## Data
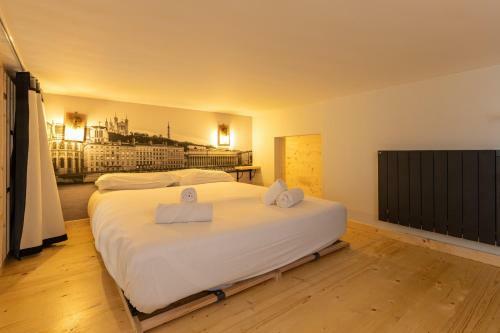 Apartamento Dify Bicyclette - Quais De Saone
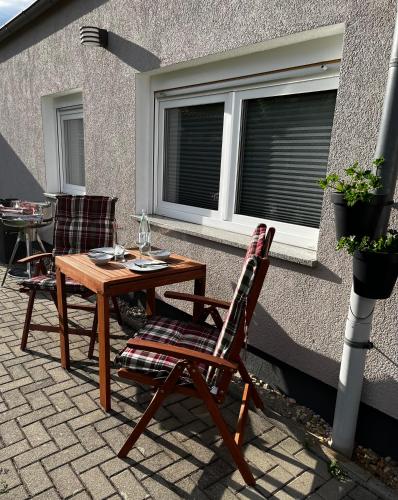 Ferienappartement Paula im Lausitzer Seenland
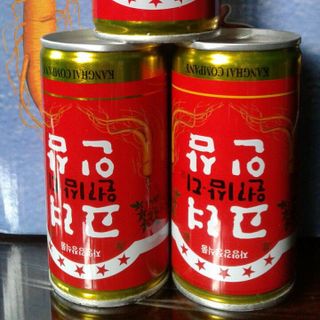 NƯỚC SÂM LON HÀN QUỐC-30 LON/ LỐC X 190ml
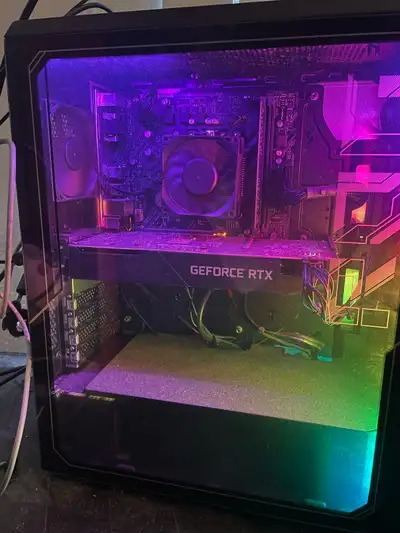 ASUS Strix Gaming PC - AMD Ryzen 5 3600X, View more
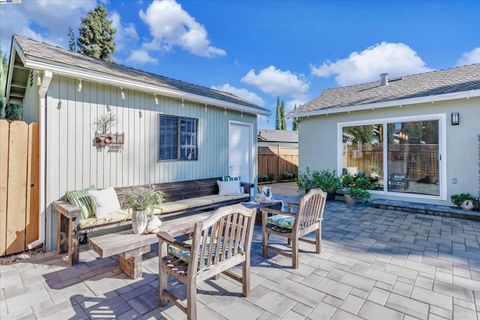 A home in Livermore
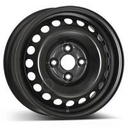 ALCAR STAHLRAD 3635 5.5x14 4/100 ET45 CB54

...

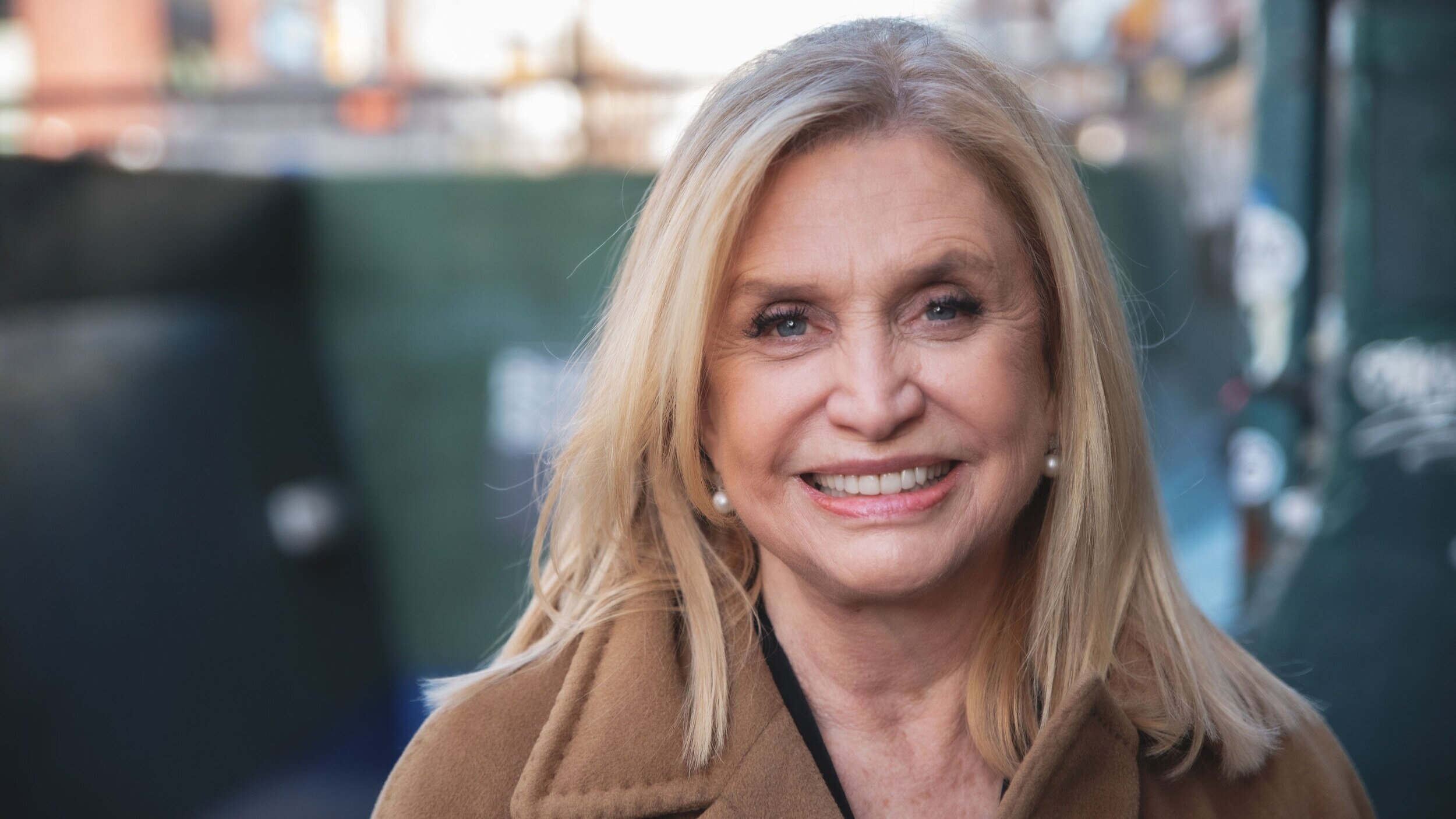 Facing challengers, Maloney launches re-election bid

## How to complete this task
Starting with the line that contains "A home in Livermore" and finishing with the line that contains "ALCAR STAHLRAD 3635 5.5x14 4/100 ET45 CB54", reproduce every line of the material above exactly, but not the pictures.

## The completed task
 A home in Livermore
 ALCAR STAHLRAD 3635 5.5x14 4/100 ET45 CB54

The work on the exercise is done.